Your source for expert commentary on IP management issues.
CHAPTER NO. 6.2
Young TA. 2007. Establishing a Technology Transfer Office. In Intellectual Property Management in Health and Agricultural Innovation: A Handbook of Best Practices (eds. A Krattiger, RT Mahoney, L Nelsen, et al.). MIHR: Oxford, U.K., and PIPRA: Davis, U.S.A. Available online at www.ipHandbook.org.
© 2007. TA Young. Sharing the Art of IP Management: Photocopying and distribution through the Internet for noncommercial purposes is permitted and encouraged.
Establishing a Technology Transfer Office
Technology transfer does not just happen. Transferring knowledge and innovation from a public research organization to the private sector for commercial application and public benefit requires a formal mechanism—a technology transfer office (TTO)—to protect and license intellectual property. Establishing a new TTO is no trivial matter, and the decision to create one should be made within the context of a long-term plan that takes into consideration the following questions: (1) Does “research commercialization” align with the institution’s mission? (2) Do the quality and quantity of research within the institution warrant the establishment of a TTO? (3) Is the institution willing to make a long-term commitment to required institutional changes and to adequately invest in resources and people? If the answer to all of these questions is yes, then it is time to develop a clear TTO business plan. In this effort, a strong dose of patience will help. An often-quoted rule of thumb in professional circles suggests that even under the very best circumstances, TTOs do not become successful for seven to ten years after they are established. This chapter provides practical advice for creating a proactive TTO and also offers historical examples from around the globe of TTO launches.
1. Three Fundamental Questions
Before initiating a planning process for a new TTO, a research organization must first address three fundamental questions.
1.1 Does “research commercialization” align with the mission?
If the institution’s primary mission is education, or if its mission does not support research as a primary institutional focus, establishing a TTO may not be warranted. Without a strong research focus, the organization would do well to find alternatives for meeting the occasional need for technology transfer services.
With more than twenty years of experience, the international Association of University Technology Managers (AUTM)1 has identified four key reasons for public research organizations to advance academic technology transfer:
If these reasons make sense for your institution, then it may be time to set up a TTO.
1.2 Do the quality and quantity of research warrant the establishment of a TTO?
All technology transfer opportunities flow from research. The 2003 AUTM Annual Licensing Survey™ indicates that, on average, one formal disclosure of invention was made for every US$2 million in research activity at research universities in the United States. One U.S. patent application was filed for every US$5 million in research expenditures, and one technology transfer or licensing agreement was executed for every US$8.5 million in research expenditures.2 These statistics indicate that public research organizations review many more innovations (disclosures of invention) than are acted upon. Clearly, substantial research is required to generate technology transfer opportunities. Using the above averages, a TTO in a public research organization with a research budget of US$100 million might expect to record 50 disclosures of invention, 20 patent applications, and 11–12 license agreements per year. An institution must therefore determine whether its research volume is sufficient to warrant investing in a new TTO.

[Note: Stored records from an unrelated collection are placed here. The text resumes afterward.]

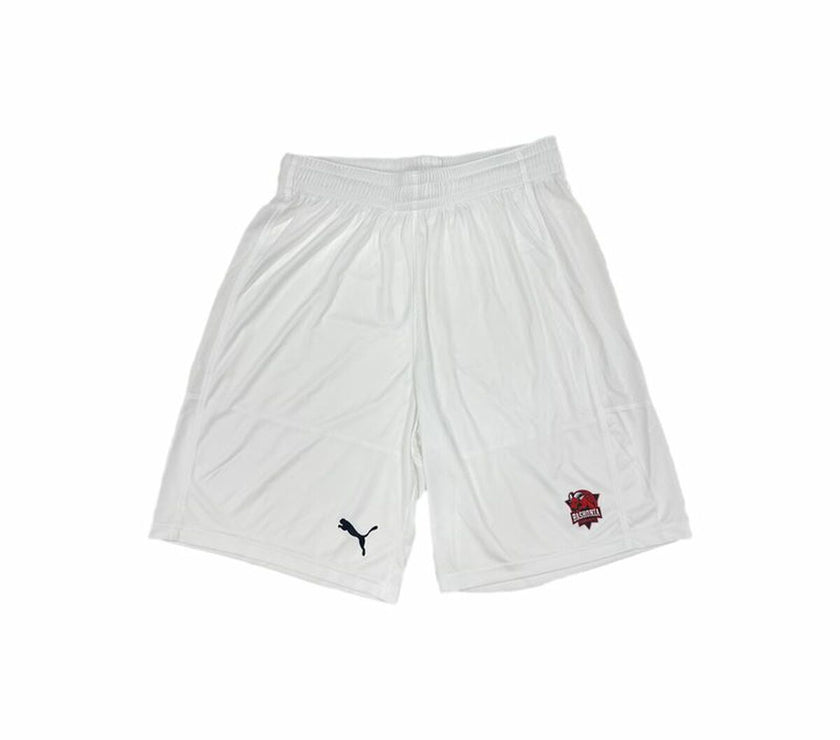 V7H8D6A8765E396A711D86D8F35B4EE3EDCR3993574P1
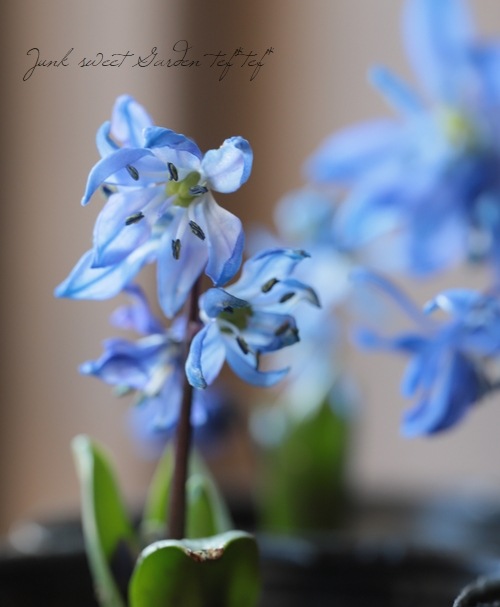 シラー スプリングビューティー すべての商品 Junk Sweet Garden Tef Tef シラー スプリングビューティー すべての商品 Junk Sweet Garden Tef Tef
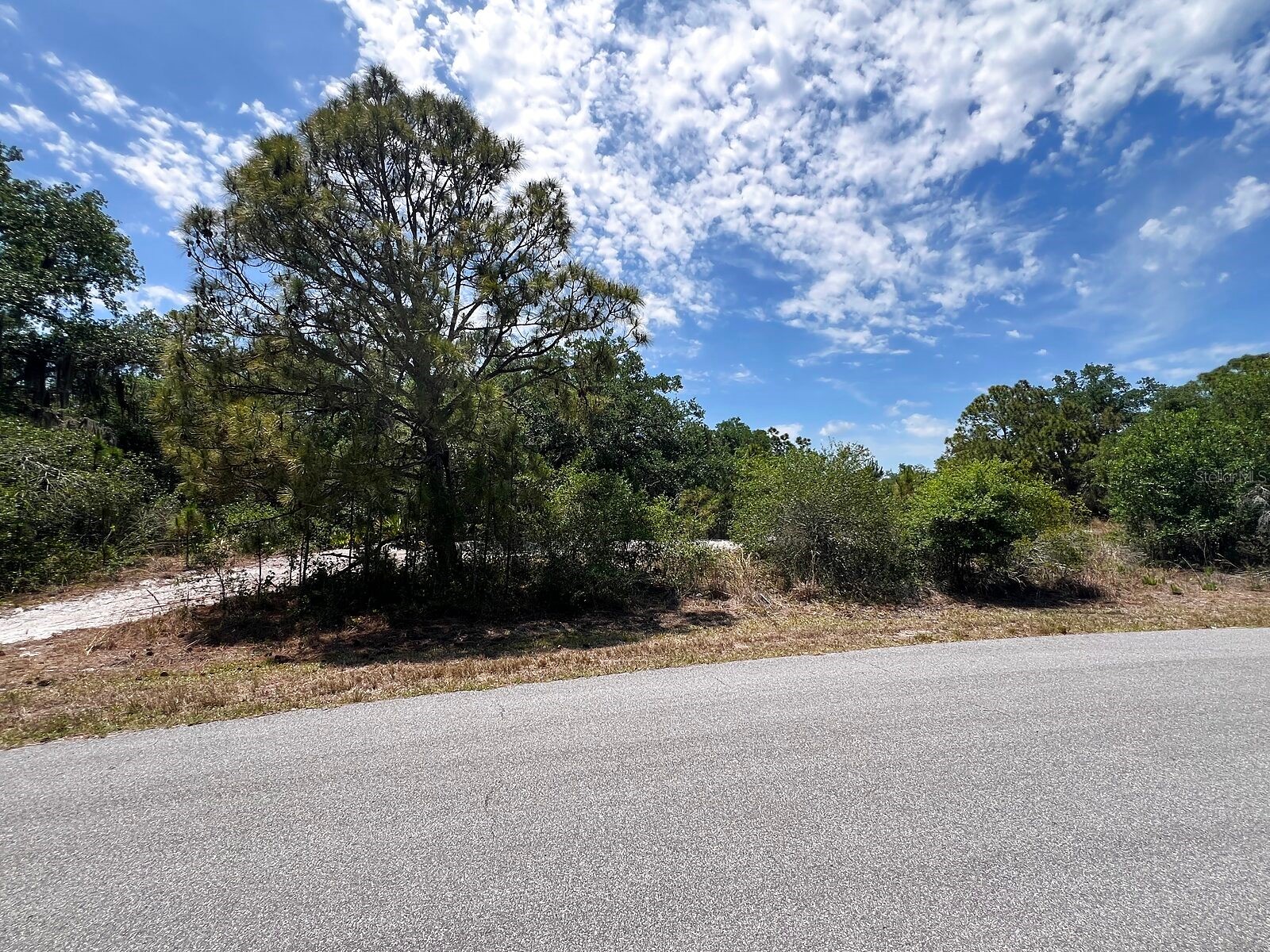 Lot 25 Hamer Terrace North Port FL 34291 C7525723 image1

The quality of research accomplished within an institution is another critical variable. This may be affected by an institution’s ability to recruit and retain world-class researchers who are at the cutting edge of science and engineering advancements. Furthermore, pursuing basic research may generate fewer opportunities than would applied research. If the estimated quantity and quality of research are below the AUTM averages cited above, the institution should use alternative means to address its occasional need for technology transfer services.
1.3 Is the institution willing to make a long-term commitment to the TTO?

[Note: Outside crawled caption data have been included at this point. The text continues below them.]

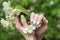 Neat spring manicure on short nails. Gel Polish summer design. Hands and Jasmine flowers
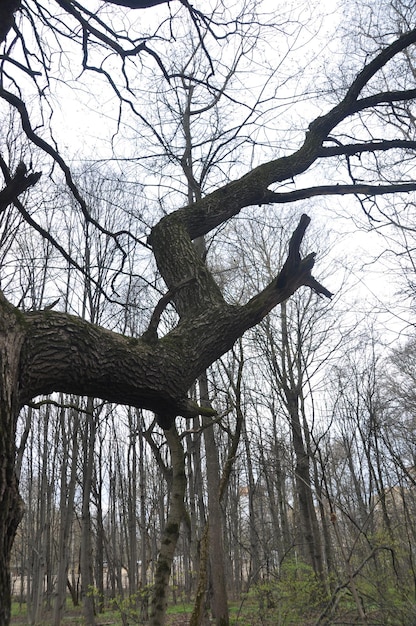 Ein großer Ast eines Baumes. Blick auf den Frühlingswald. Bäume ohne Blätter, Frühjahr.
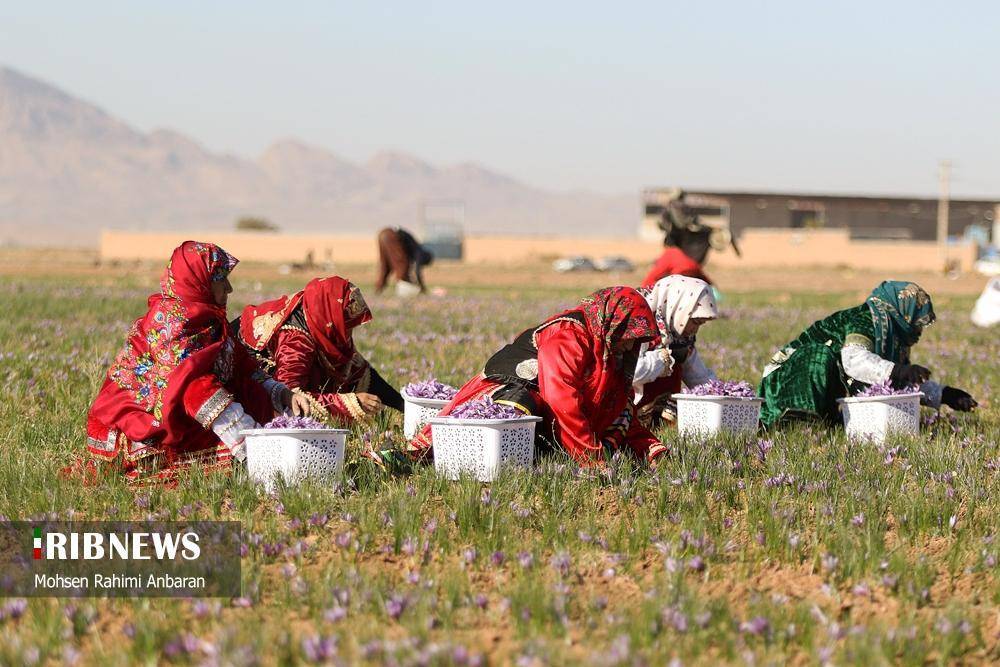 پیام خراسان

Time may be the greatest predictor of success for a TTO. In other words, the longer a TTO operates, the better will be its cumulative results and performance measures. This makes sense intuitively: as innovations, patent applications, and license agreements are added cumulatively each year to the institution’s portfolio, there is a greater chance that a fraction of these will eventually generate returns. Technology transfer practitioners suggest that it typically takes five or more years for technology that is licensed to an industry partner to result in a marketable product. Thus, according to these practitioners, TTOs require seven to ten years to be successful, regardless of how one chooses to measure success. Institutions should expect similar experiences and be prepared to subsidize the office for many years to come. A commitment to support a TTO is more than a two- or three-year financial obligation.

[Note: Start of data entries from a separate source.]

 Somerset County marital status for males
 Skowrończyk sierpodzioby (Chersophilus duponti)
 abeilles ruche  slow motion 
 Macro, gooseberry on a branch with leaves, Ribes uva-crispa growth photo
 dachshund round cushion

1.4 If the institution does not meet the four criteria, then what?
If the research organization does not, in its initial planning processes, answer yes to the fundamental questions, the following alternative models, which have proven successful globally, can be used:
2. All Go? Develop a TTO Business Plan
When the four fundamental questions have been satisfactorily explored and a TTO has been decided upon, both short- and long-range plans should be developed, much as a for-profit organization would develop its business plan. At the very least, an executive-summary plan addressing the essential elements should be crafted.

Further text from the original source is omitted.